-- DATASET EXCERPT follows --

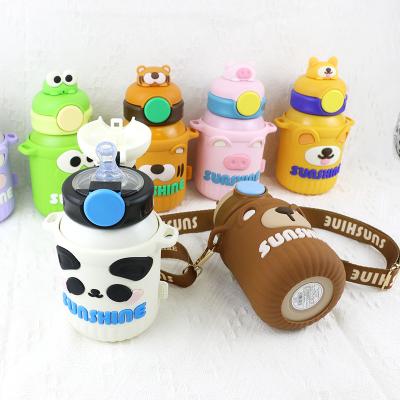 China BPA Free 306 Stainless Steel 550ml Thermos Vacuum Baby Kids Straw Bottle Cartoon Animal Silicone Holder Case for sale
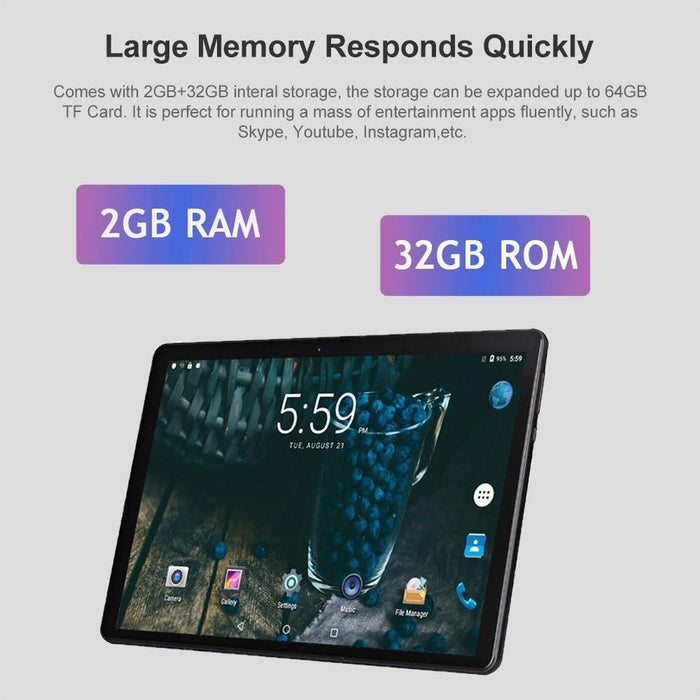 10.1 3G Tablet Pc 2Gb 32Gb Android 9.0 Octa Core Dual Sim Bluetooth Wifi Gps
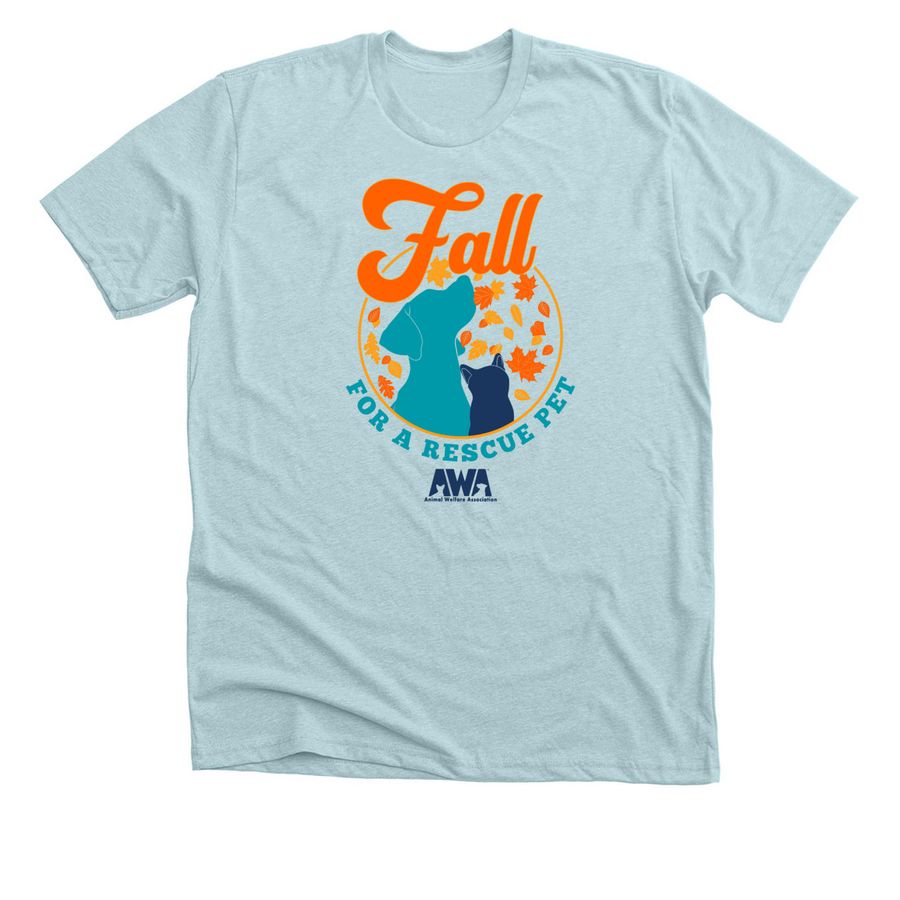 Fall for a Rescue Pet, a Heather Ice Blue Premium Unisex Tee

-- DATASET EXCERPT concluded --

EXERCISE:
With the pictures excluded, restate word for word each line from the one that contains "10.1 3G Tablet" through the last line of the listing above.

ANSWER BOX:
 10.1 3G Tablet Pc 2Gb 32Gb Android 9.0 Octa Core Dual Sim Bluetooth Wifi Gps
 Fall for a Rescue Pet, a Heather Ice Blue Premium Unisex Tee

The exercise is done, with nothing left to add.